All lines after the one containing "Поло Interlock Polo", together with that line itself, should be written out exactly, down to the last line of the entries below.
══ Data to use
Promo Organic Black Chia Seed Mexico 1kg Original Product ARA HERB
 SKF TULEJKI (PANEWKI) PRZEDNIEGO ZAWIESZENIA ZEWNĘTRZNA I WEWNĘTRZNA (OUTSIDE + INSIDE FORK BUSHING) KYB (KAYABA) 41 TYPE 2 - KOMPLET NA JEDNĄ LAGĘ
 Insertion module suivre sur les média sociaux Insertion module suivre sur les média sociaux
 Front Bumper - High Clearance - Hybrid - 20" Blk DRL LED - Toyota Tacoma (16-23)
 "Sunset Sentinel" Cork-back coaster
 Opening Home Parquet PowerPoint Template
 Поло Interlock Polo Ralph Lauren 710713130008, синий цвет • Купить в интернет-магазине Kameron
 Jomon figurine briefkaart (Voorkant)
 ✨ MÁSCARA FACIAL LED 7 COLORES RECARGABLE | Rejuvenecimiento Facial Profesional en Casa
════
**Exercise answer**
 Поло Interlock Polo Ralph Lauren 710713130008, синий цвет • Купить в интернет-магазине Kameron
 Jomon figurine briefkaart (Voorkant)
 ✨ MÁSCARA FACIAL LED 7 COLORES RECARGABLE | Rejuvenecimiento Facial Profesional en Casa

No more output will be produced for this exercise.